Building an ARS Layer and What It Revealed

By Michael Raber · April 8, 2026

Most agent‑driven automation still talks to apps the way web scrapers talk to PayPal: from the outside in. Nobody designed those flows for HTML bots; they were designed for people, but we bend them into automation because that is the only surface we have. What I want from ARS is a way to change that relationship. Instead of teaching agents to poke at pixels or replay brittle flows, the app exposes the same workflows it uses for humans as an intentional, governed interface that the agent can call directly.

The most important thing to confirm in this build was how much additional work a semantic ARS interface really adds, and what it means for that interface to share the same state machine as the UI. If ARS demands extra wiring that feels bolted on instead of intentional, that friction will quietly kill adoption long before the ideas have a chance to prove themselves. I’ve seen this pattern before in the early days of web application servers, where a small shift in where the work lived unlocked a lot more power without forcing teams to drag around a second system nobody wanted to maintain.

The answer we confirmed was that ARS did not require a second system. It runs on the same state machine as the SwiftUI app, so the agent interface and the human interface are just two views over one source of truth: the UI renders that state visually for humans, and the ARS layer publishes it semantically for agents.

What the architecture required

To test that, I built a small SwiftUI app with login and signup flows, Redux-style state management, and a Python WebSocket orchestration script. An agent generated the test steps, and the Python layer executed them against the app. That prototype only worked because the app already had a single place where the state lived and changed.

That decision has a prerequisite. If both the UI and the ARS layer are going to read from the same source, that source has to exist and be trustworthy. Which means the app needs a single authoritative state container with governed mutation paths. All state changes flow through a reducer. No direct property mutation from views. The architecture pattern that satisfies this is unidirectional data flow.

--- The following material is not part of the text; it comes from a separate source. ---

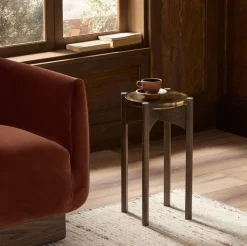 Ivenor Cast Glass End Table (20")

This isn't an ARS requirement specifically. It's good architecture. What ARS adds is a reason to care about it that didn't exist before agents needed to navigate your app. Once the state model is clean, the ARS vocabulary is largely already there. The action set your reducer handles is almost exactly the valid transitions your ARS surface needs to expose. ARS is the mechanism that makes that vocabulary visible at runtime. The app was already a state machine. ARS gives agents a map.

The ARS surface is stateless by design. The app still owns its state, and the orchestrator now holds what a human would keep in their head: the task, the current step, and how to get from here to there. The surface projects the app’s truth; the orchestrator carries intent and context. On paper, that split between surface and orchestrator made sense; the sharper edges only showed up once the test suite started driving a real build.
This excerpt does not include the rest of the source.